Islam and polygamy -II

20/02/2011| IslamWeb

Polygamy, in the sense of having more than one wife at the same time, has been one of the chief issues due to which severe criticism has been directed against Islam. Non-Muslims decry Islam for permitting polygamy and allowing a man to have up to four wives at the same time, thus debasing women and slighting their status in society.

It should be made clear that polygamy is allowed in Islam only as an exception. It is succinctly so stated in the Glorious Quran (which means): "And if you fear that you cannot act equitably towards orphans, then marry such women as seem good to you, two and three and four; but if you fear that you will not do justice (between them), then (marry) one only." [Quran 4:3]
 
This is the only verse in the Glorious Quran that speaks of polygamy and it is evident that it does not enjoin polygamy; it only permits it  bound by certain conditions. First, polygamy is allowed permissible in general, but it becomes more recommended only when there are orphans to be cared for by an uncle or a relative, that relative may marry the mother of these orphans if he feels that he cannot do them justice unless he is bound by marriage to their mother.

Such a marriage would enable him to care for the orphans and have free access to them without fearing social slander.
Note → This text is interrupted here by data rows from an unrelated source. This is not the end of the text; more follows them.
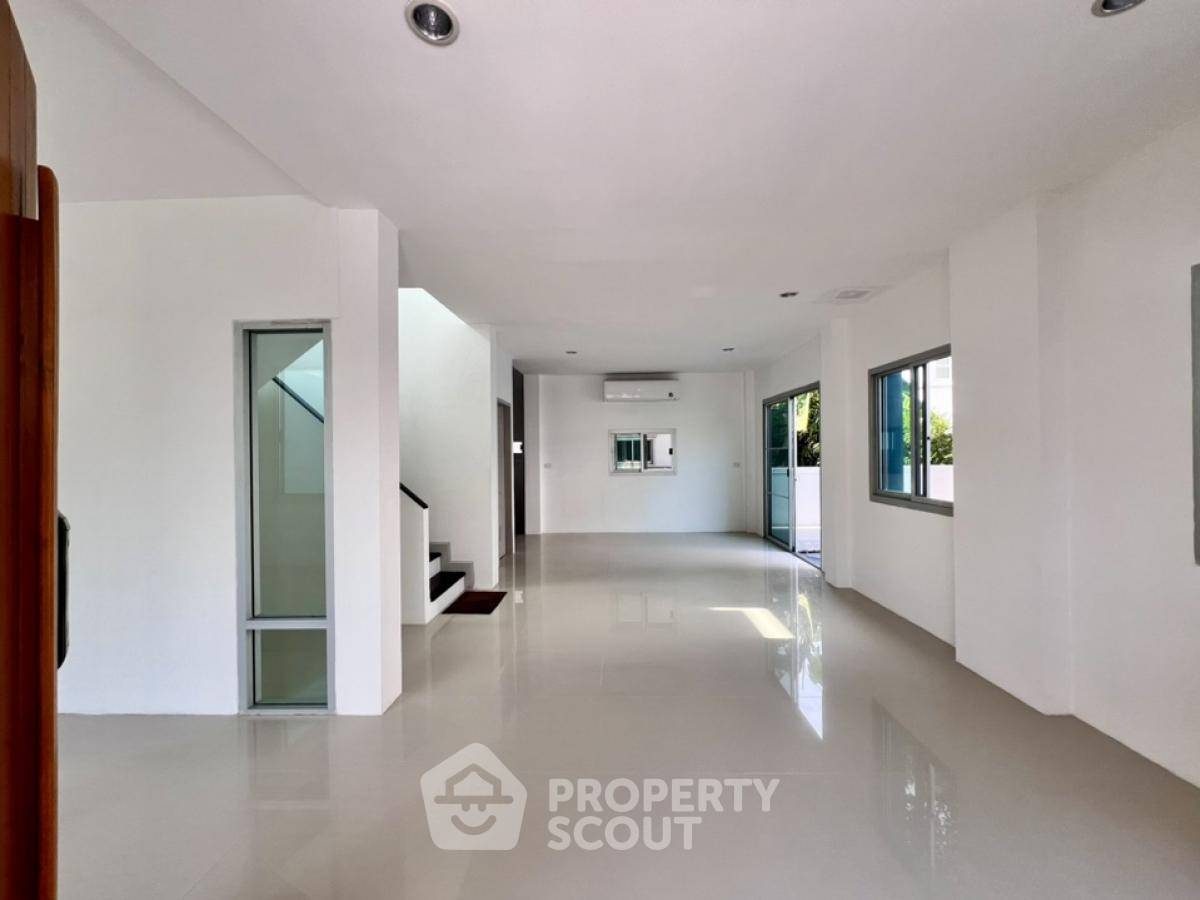 picture 3-BR House at The Tara Ramintra in Bang Chan (ID 1675378) - 2/6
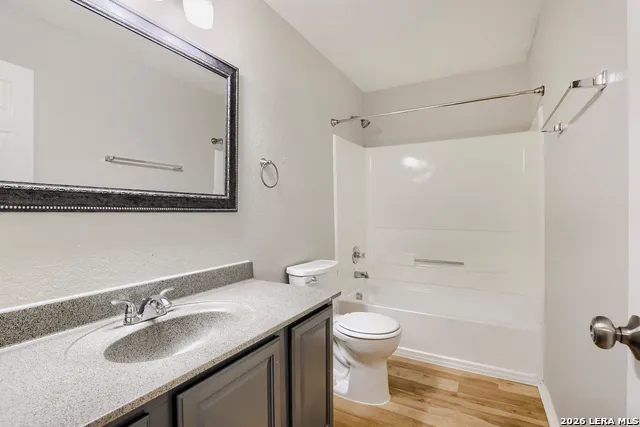 3424 Whisper Blf Schertz, TX 78108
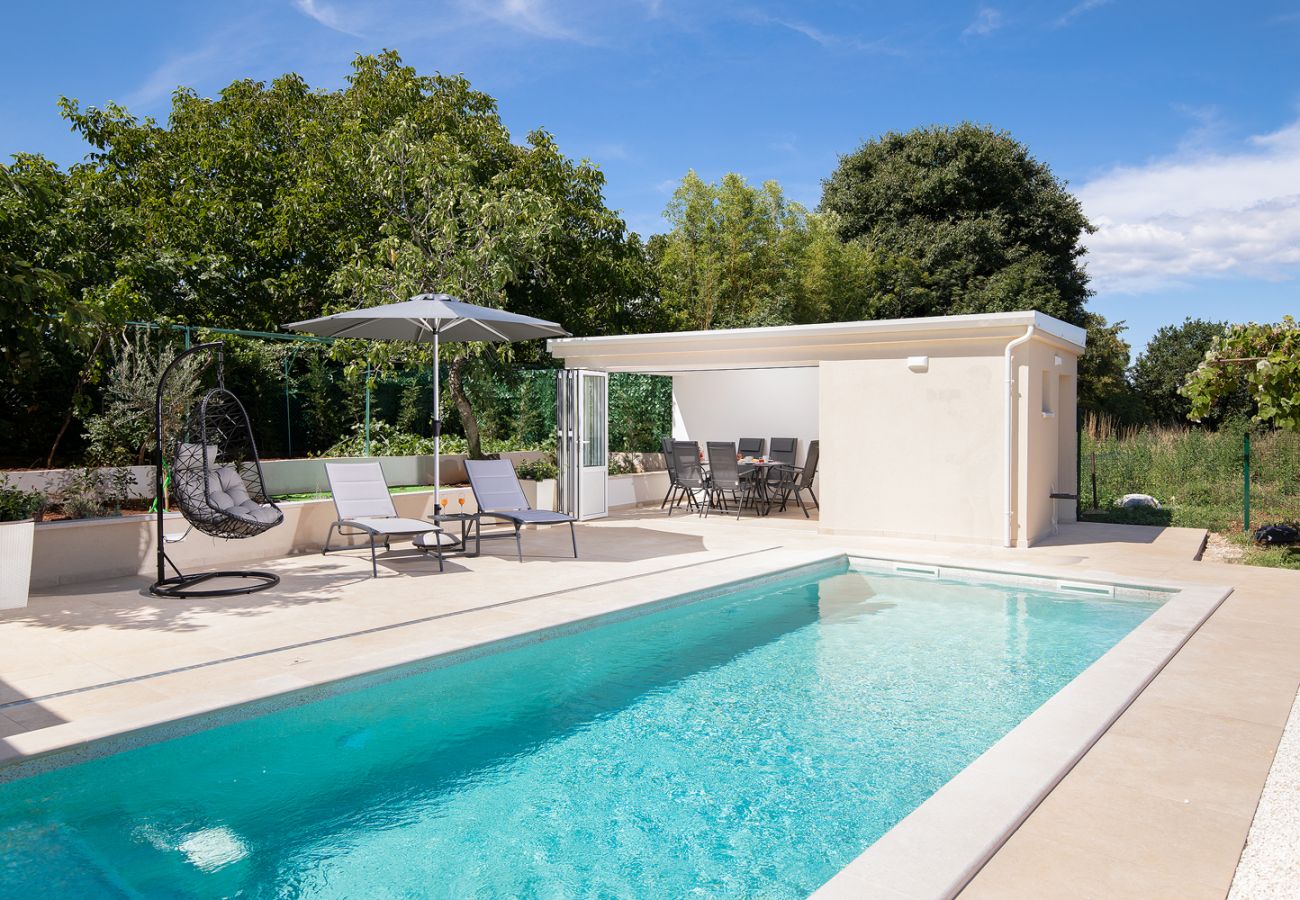 Villa a Šišan - Villa Cvita for 2 people near Pula with private heated pool 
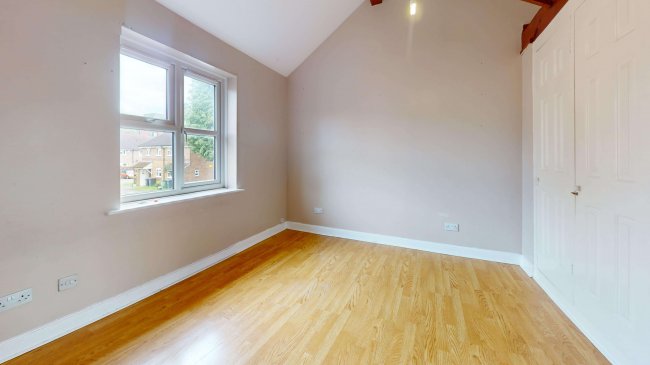 89 Springfield Place, New Malden, Surrey, KT3 3LP 2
This is an acceptable social condition that caters for the welfare of the orphans and the dignity of women.
 
Another condition is imposed in the same verse, which limits this marriage to the man who feels that he can do justice to his wives. He should provide them with similar dwelling places, similar food and clothing and give them the same physical attention. If he feels unable to do so, he should be satisfied with one wife.

The value of this permission for polygamy becomes evident in times of war when men die on the battlefields and women are left behind to feed and care for their children. Many of these women may not possess the qualifications for the humblest job. The last resort for such women would be prostitution with all its negative physical, social, moral and psychological consequences.
 
When Islam permits polygamy, it preserves a woman's dignity and humanity and cares for the social moral and economic well-being of orphans. The same principle applies when the number of women exceeds that of men in society. This would lead to moral depravity, which threatens the very essence of civilization.

It may be argued that the modern State can make other arrangements for the maintenance of widows and orphans. That may be true, but the State cannot provide them with a family life; in Islam, the family is considered the real source from where all the good qualities of love and affection spring, which are the greatest asset of society and civilization. Even if it be “half a home” that the woman and children find in a polygamous family, it is better than having no home at all.

Monogamy is without doubt the right form of life under normal conditions, but when abnormal conditions are brought about by the presence of more females than males monogamy fails, and it is only through a limited form of polygamy that this difficulty is faced.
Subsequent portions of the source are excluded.